One day, the owner of a New York art gallery was dining at Tercer Ojo and asked Calvet where he had bought one of the paintings hanging on the wall. Calvet said the painting was his. The man asked if he would be interested in displaying his work in his New York City gallery. Calvet quickly agreed.
“Like asking a blind man if he wants to see,” Calvet laughed. He shook the hand of the owner of Monkdogz Urban Art Gallery and, just like that, the artist had been discovered.
That was six years ago. Today, Calvet’s paintings are selling in New York City for as much as $50,000.
Ed McCormack, editor of Gallery & Studio Magazine, recently described Calvet’s painting as “a slyly sophisticated faux-primitive style in vibrant comic-strip primaries.”
Calvet’s personality has evolved along with his paintings over the past six years, said Allan, adding that his more recent works aren’t as dark as his earlier paintings – a reflection of Calvet’s change in temperament. The artist’s more recent paintings at first appear to be meticulously detailed scenes of mayhem, lust and vice. But when the observer steps back, the chaos comes together in a whole that is only perceived from afar.
“It’s a story of redemption,” said Allan, the documentarian who plans to release his film “Calvet” in 2009. Allan, who has shot films for BBC and has been assistant director for an array of films including Batman, said the film on Calvet will appear on British television before it is entered in film festivals and possibly turned into a full-length film.
“You see someone discovering himself as he moves through painting,” Allan said, “At the beginning, he dripped paint like Jackson Pollock. But he didn’t know who Pollock was. It’s very genuine.”
To get to the bottom of the many rumors surrounding Calvet’s life, Allan has followed the self-styled artist from his hometown in southern France to Miami, where he worked as a bodyguard, to Granada, where Calvet lives with his girlfriend.

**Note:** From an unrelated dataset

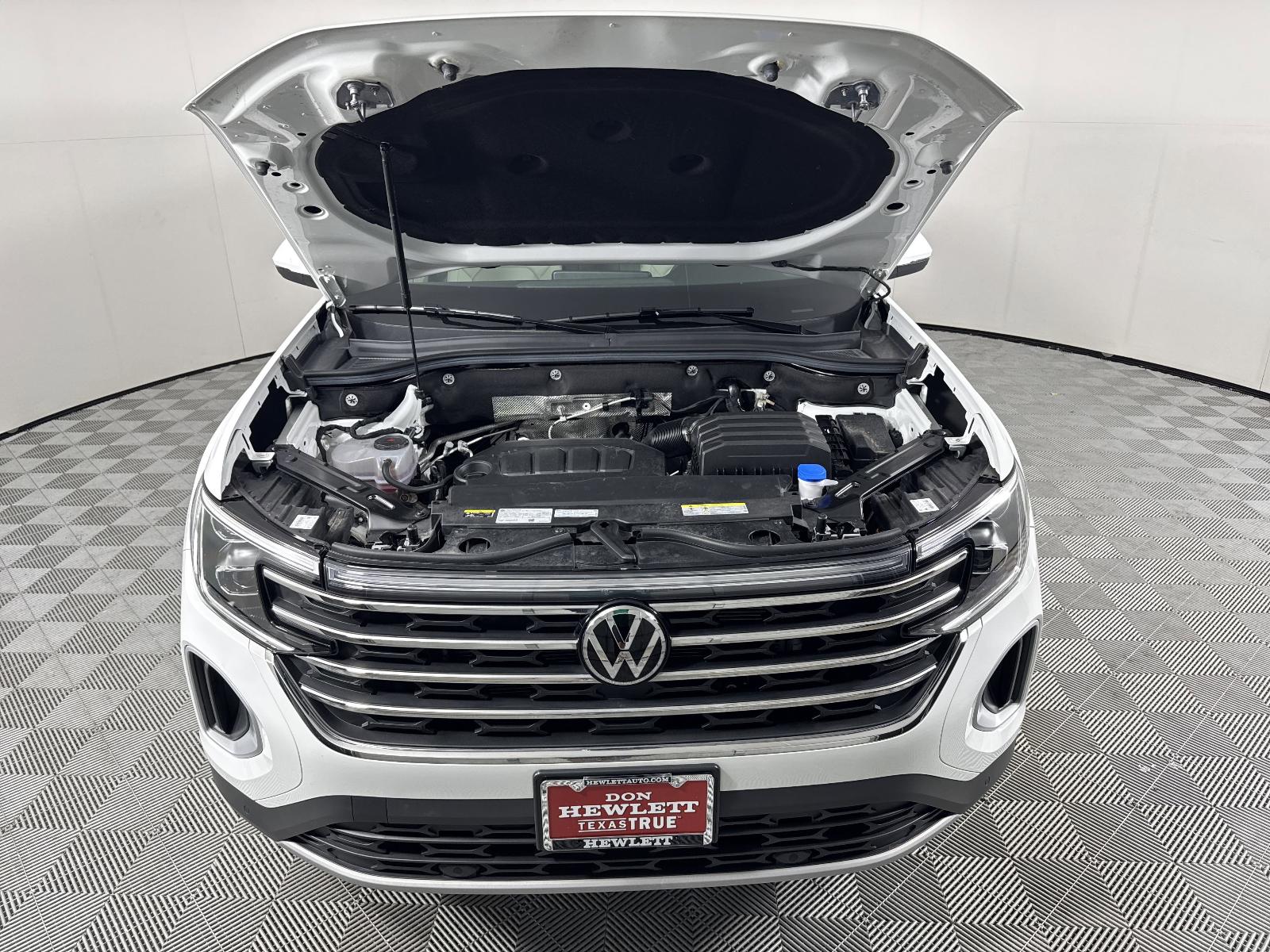 2024 Volkswagen Atlas Vehicle Photo in Georgetown, TX 78626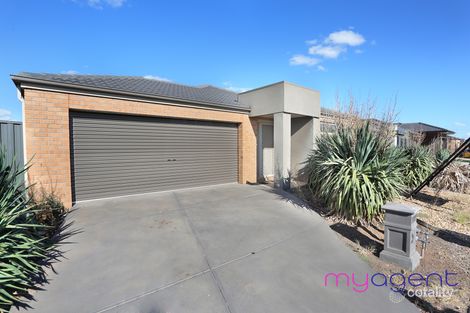 Property photo of 26 Hawkstone Road Manor Lakes VIC 3024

Calvet’s paintings can be seen at his gallery on Calle Real Xalteva, two blocks towards the lake from the Xalteva church. Calvet’s paintings can also be seen at his Web site www.jmcalvet.com and at www.monkdogz.com. More about Allan’s documentary can be found at http://jmcalvet.com/html/filmproject.htm.
Calvet’s paintings will be displayed at the gallery Monkdogz for a month starting this weekend.